The album opens with “On Fire”. A melody played by a single guitar gives way to the tolling of a bell over a thick chord and you know this song means business. The song includes some impressive lead guitar work and lyrics that are reminiscent of a psalm in the way that they express a longing to be close to God:
You are the light inside of me Without you, God, I’m empty Never let me go, set me on fire
Next up is “Shining”, a song that does actually seem to shine. The lyrics paint a picture of the bride of Christ and the song seems to ascend with bright dual guitar leads and a catchy vocal melody.

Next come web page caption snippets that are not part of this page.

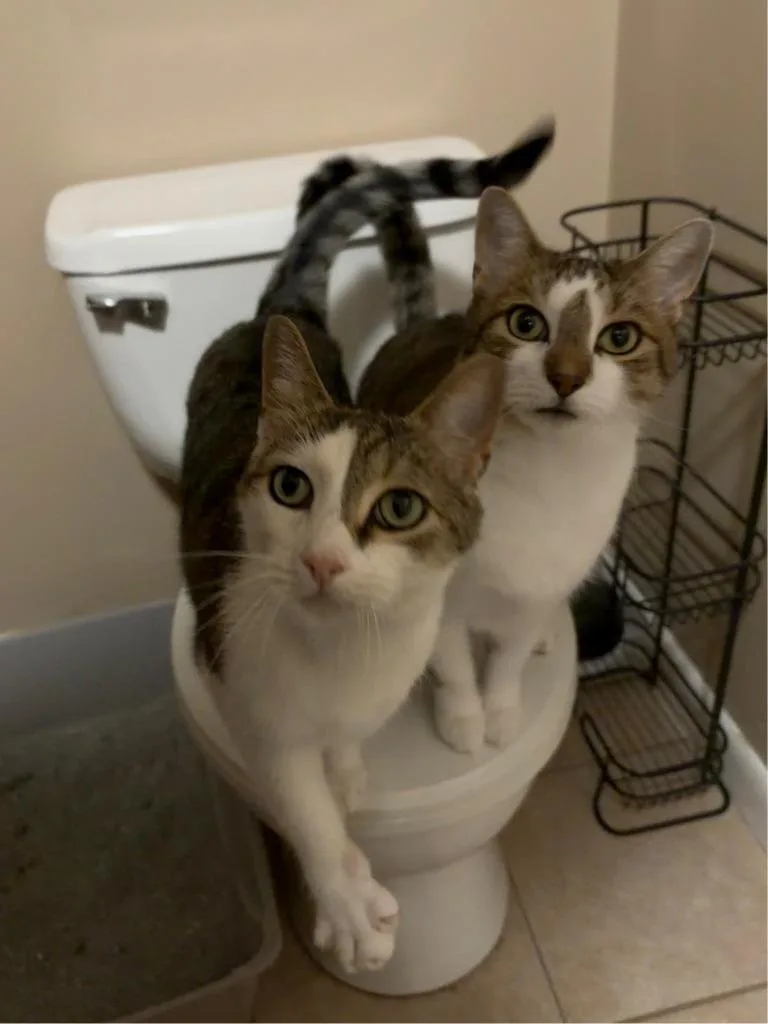 An adult small-sized male Domestic Short Hair cat named Romeo & Chipmunk for adoption in LIberty, NY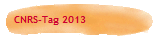 CNRS-Tag 2013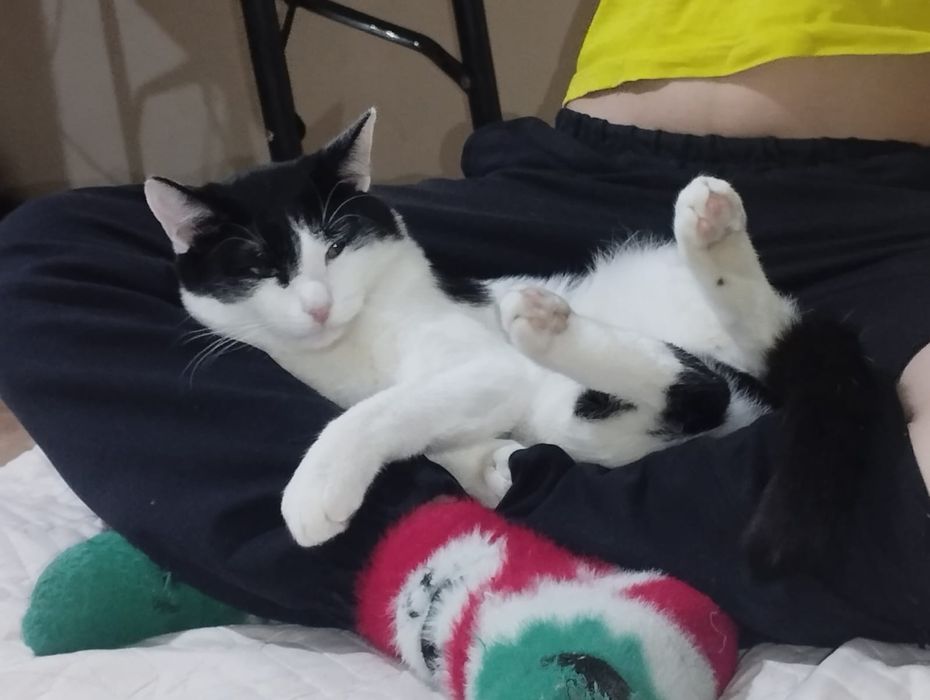 Отдам котёнка в добрые руки!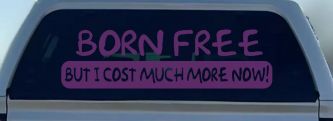 Born Free But I cost Much More Now Funny Car or Truck Window Decal Sticker (Violet)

“Outlaws” opens with a groove that perfectly supports the title and would have been right at home in Bride’s Kinetic Faith era. The lyrics tell of being born where “the eagle flies and the spirit never dies” and features a nice chord change before going into the chorus. In what is easily one of the high points of the album there is a chunky groove followed by a beautiful interlude before going into a guitar solo, partially played over the groove. Lyrically the song carries the message that the redeemed do not belong to this world, thus making them outlaws:
Runnin’ hard for the other side I’ve lost all love for this life I don’t know how people see me But the end is coming and I won’t go quietly I’m a stranger and I don’t belong This place is not my home
There is not a believer on the planet that doesn’t face some sort of struggle. “Sparrow Song” is uplifting and addresses doubt and travail by reminding us of how much we are loved. Each verse is full of encouragement and the chorus hammers home the truth that we are safe in our Father’s arms. The melody is memorable and this song will get stuck in your head. “The Warrior King” checks all the boxes for songs in the genre with soaring dual guitars and lyrics that paint an epic picture of kings and warriors with the memorable refrain of “I still believe in paradise, I still believe in love”. “Five O’clock Rock” is a fun song that talks about looking forward to the end of a hard day at work. The song is built around a riff that builds into a very catchy chorus and goes out with a bang. Are the lyrics a sly comparison between the close of a hard day at work and the culmination of life as a Christian? Could be.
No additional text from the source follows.